Exercise requirements
Wherever the line with "Mayfair Dark Wood" sits in the listing below, transcribe from it up to and including the line with "Terracotta fragment of", exactly, and leave the remaining lines out.

Records shown
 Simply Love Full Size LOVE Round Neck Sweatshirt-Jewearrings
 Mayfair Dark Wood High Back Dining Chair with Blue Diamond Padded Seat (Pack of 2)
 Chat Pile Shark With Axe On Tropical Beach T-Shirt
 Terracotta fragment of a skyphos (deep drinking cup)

---

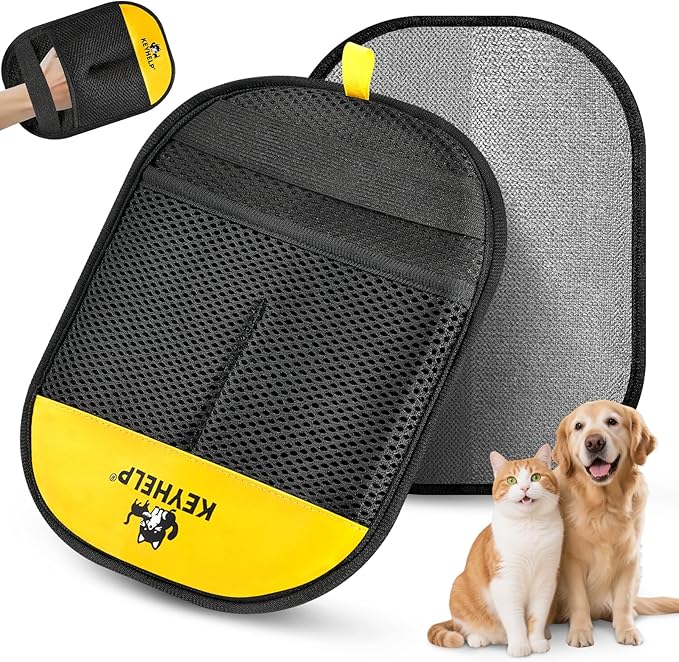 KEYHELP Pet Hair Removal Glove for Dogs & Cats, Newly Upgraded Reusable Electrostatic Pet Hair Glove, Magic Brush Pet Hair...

Your solution
 Mayfair Dark Wood High Back Dining Chair with Blue Diamond Padded Seat (Pack of 2)
 Chat Pile Shark With Axe On Tropical Beach T-Shirt
 Terracotta fragment of a skyphos (deep drinking cup)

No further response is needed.